### EXERCISE DATA

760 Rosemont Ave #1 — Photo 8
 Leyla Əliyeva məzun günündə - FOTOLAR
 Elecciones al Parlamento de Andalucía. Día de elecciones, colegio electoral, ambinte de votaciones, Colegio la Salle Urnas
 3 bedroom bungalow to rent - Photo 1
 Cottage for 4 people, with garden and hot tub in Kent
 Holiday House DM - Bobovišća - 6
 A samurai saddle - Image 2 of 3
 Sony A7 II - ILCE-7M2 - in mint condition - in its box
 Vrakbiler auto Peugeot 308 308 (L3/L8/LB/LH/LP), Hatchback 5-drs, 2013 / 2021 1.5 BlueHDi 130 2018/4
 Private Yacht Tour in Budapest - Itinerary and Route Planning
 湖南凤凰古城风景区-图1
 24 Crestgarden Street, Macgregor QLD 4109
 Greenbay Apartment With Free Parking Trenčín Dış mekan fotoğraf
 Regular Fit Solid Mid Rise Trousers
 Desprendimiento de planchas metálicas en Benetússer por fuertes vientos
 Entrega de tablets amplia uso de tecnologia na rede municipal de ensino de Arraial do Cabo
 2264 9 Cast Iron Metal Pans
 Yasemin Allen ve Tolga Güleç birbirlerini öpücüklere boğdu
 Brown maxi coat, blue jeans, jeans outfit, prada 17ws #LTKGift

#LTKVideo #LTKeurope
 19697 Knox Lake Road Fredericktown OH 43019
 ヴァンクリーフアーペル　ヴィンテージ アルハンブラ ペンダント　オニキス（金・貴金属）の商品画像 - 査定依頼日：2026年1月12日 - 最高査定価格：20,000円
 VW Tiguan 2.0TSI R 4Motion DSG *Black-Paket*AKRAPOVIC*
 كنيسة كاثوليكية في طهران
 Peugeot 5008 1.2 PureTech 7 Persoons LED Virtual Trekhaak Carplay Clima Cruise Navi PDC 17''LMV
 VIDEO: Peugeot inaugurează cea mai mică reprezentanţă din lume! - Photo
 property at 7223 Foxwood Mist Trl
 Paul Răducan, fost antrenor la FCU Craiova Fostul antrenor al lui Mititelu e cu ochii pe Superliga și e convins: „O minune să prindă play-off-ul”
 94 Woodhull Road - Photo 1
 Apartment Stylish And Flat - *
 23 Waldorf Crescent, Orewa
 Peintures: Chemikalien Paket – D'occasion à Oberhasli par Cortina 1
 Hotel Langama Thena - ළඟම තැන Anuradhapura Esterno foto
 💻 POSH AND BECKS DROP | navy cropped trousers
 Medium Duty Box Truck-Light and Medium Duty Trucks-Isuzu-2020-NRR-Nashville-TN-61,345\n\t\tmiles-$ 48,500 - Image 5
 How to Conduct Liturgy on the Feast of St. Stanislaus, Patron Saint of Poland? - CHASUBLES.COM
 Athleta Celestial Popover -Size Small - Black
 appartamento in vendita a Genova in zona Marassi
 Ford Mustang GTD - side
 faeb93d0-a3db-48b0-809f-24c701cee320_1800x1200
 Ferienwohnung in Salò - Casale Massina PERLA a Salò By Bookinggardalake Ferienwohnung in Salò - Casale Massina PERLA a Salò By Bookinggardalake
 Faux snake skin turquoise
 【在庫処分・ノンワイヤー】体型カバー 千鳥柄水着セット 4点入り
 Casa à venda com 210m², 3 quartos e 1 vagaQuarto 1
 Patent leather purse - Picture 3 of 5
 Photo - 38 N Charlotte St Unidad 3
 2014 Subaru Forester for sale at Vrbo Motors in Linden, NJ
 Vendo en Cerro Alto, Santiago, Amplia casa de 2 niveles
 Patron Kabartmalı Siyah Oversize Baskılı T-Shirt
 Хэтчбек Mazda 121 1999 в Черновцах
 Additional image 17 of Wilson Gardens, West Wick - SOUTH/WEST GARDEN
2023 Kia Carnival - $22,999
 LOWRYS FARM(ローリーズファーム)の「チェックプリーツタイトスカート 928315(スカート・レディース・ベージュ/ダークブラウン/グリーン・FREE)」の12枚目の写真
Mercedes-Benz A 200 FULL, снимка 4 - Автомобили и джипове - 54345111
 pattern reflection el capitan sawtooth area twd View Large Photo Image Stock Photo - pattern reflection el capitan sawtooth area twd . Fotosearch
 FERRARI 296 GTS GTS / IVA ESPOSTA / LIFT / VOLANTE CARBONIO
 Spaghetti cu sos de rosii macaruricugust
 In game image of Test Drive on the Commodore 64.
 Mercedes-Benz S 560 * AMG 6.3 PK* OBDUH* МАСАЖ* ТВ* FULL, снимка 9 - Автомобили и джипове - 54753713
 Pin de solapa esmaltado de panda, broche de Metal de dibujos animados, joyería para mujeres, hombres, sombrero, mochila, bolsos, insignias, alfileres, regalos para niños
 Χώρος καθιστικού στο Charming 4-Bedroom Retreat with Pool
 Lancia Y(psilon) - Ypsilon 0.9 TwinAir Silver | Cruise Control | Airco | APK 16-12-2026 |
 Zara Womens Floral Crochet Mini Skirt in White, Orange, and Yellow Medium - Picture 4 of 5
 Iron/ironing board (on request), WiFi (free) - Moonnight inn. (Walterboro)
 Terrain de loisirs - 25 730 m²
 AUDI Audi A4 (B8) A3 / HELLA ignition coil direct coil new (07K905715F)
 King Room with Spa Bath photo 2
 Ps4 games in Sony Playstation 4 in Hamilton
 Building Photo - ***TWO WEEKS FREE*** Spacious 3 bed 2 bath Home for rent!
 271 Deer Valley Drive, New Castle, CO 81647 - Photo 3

######

## TASK DIRECTIONS
Retype all of the entries exactly, please.

## FINISHED EXERCISE
760 Rosemont Ave #1 — Photo 8
 Leyla Əliyeva məzun günündə - FOTOLAR
 Elecciones al Parlamento de Andalucía. Día de elecciones, colegio electoral, ambinte de votaciones, Colegio la Salle Urnas
 3 bedroom bungalow to rent - Photo 1
 Cottage for 4 people, with garden and hot tub in Kent
 Holiday House DM - Bobovišća - 6
 A samurai saddle - Image 2 of 3
 Sony A7 II - ILCE-7M2 - in mint condition - in its box
 Vrakbiler auto Peugeot 308 308 (L3/L8/LB/LH/LP), Hatchback 5-drs, 2013 / 2021 1.5 BlueHDi 130 2018/4
 Private Yacht Tour in Budapest - Itinerary and Route Planning
 湖南凤凰古城风景区-图1
 24 Crestgarden Street, Macgregor QLD 4109
 Greenbay Apartment With Free Parking Trenčín Dış mekan fotoğraf
 Regular Fit Solid Mid Rise Trousers
 Desprendimiento de planchas metálicas en Benetússer por fuertes vientos
 Entrega de tablets amplia uso de tecnologia na rede municipal de ensino de Arraial do Cabo
 2264 9 Cast Iron Metal Pans
 Yasemin Allen ve Tolga Güleç birbirlerini öpücüklere boğdu
 Brown maxi coat, blue jeans, jeans outfit, prada 17ws #LTKGift

#LTKVideo #LTKeurope
 19697 Knox Lake Road Fredericktown OH 43019
 ヴァンクリーフアーペル　ヴィンテージ アルハンブラ ペンダント　オニキス（金・貴金属）の商品画像 - 査定依頼日：2026年1月12日 - 最高査定価格：20,000円
 VW Tiguan 2.0TSI R 4Motion DSG *Black-Paket*AKRAPOVIC*
 كنيسة كاثوليكية في طهران
 Peugeot 5008 1.2 PureTech 7 Persoons LED Virtual Trekhaak Carplay Clima Cruise Navi PDC 17''LMV
 VIDEO: Peugeot inaugurează cea mai mică reprezentanţă din lume! - Photo
 property at 7223 Foxwood Mist Trl
 Paul Răducan, fost antrenor la FCU Craiova Fostul antrenor al lui Mititelu e cu ochii pe Superliga și e convins: „O minune să prindă play-off-ul”
 94 Woodhull Road - Photo 1
 Apartment Stylish And Flat - *
 23 Waldorf Crescent, Orewa
 Peintures: Chemikalien Paket – D'occasion à Oberhasli par Cortina 1
 Hotel Langama Thena - ළඟම තැන Anuradhapura Esterno foto
 💻 POSH AND BECKS DROP | navy cropped trousers
 Medium Duty Box Truck-Light and Medium Duty Trucks-Isuzu-2020-NRR-Nashville-TN-61,345\n\t\tmiles-$ 48,500 - Image 5
 How to Conduct Liturgy on the Feast of St. Stanislaus, Patron Saint of Poland? - CHASUBLES.COM
 Athleta Celestial Popover -Size Small - Black
 appartamento in vendita a Genova in zona Marassi
 Ford Mustang GTD - side
 faeb93d0-a3db-48b0-809f-24c701cee320_1800x1200
 Ferienwohnung in Salò - Casale Massina PERLA a Salò By Bookinggardalake Ferienwohnung in Salò - Casale Massina PERLA a Salò By Bookinggardalake
 Faux snake skin turquoise
 【在庫処分・ノンワイヤー】体型カバー 千鳥柄水着セット 4点入り
 Casa à venda com 210m², 3 quartos e 1 vagaQuarto 1
 Patent leather purse - Picture 3 of 5
 Photo - 38 N Charlotte St Unidad 3
 2014 Subaru Forester for sale at Vrbo Motors in Linden, NJ
 Vendo en Cerro Alto, Santiago, Amplia casa de 2 niveles
 Patron Kabartmalı Siyah Oversize Baskılı T-Shirt
 Хэтчбек Mazda 121 1999 в Черновцах
 Additional image 17 of Wilson Gardens, West Wick - SOUTH/WEST GARDEN
2023 Kia Carnival - $22,999
 LOWRYS FARM(ローリーズファーム)の「チェックプリーツタイトスカート 928315(スカート・レディース・ベージュ/ダークブラウン/グリーン・FREE)」の12枚目の写真
Mercedes-Benz A 200 FULL, снимка 4 - Автомобили и джипове - 54345111
 pattern reflection el capitan sawtooth area twd View Large Photo Image Stock Photo - pattern reflection el capitan sawtooth area twd . Fotosearch
 FERRARI 296 GTS GTS / IVA ESPOSTA / LIFT / VOLANTE CARBONIO
 Spaghetti cu sos de rosii macaruricugust
 In game image of Test Drive on the Commodore 64.
 Mercedes-Benz S 560 * AMG 6.3 PK* OBDUH* МАСАЖ* ТВ* FULL, снимка 9 - Автомобили и джипове - 54753713
 Pin de solapa esmaltado de panda, broche de Metal de dibujos animados, joyería para mujeres, hombres, sombrero, mochila, bolsos, insignias, alfileres, regalos para niños
 Χώρος καθιστικού στο Charming 4-Bedroom Retreat with Pool
 Lancia Y(psilon) - Ypsilon 0.9 TwinAir Silver | Cruise Control | Airco | APK 16-12-2026 |
 Zara Womens Floral Crochet Mini Skirt in White, Orange, and Yellow Medium - Picture 4 of 5
 Iron/ironing board (on request), WiFi (free) - Moonnight inn. (Walterboro)
 Terrain de loisirs - 25 730 m²
 AUDI Audi A4 (B8) A3 / HELLA ignition coil direct coil new (07K905715F)
 King Room with Spa Bath photo 2
 Ps4 games in Sony Playstation 4 in Hamilton
 Building Photo - ***TWO WEEKS FREE*** Spacious 3 bed 2 bath Home for rent!
 271 Deer Valley Drive, New Castle, CO 81647 - Photo 3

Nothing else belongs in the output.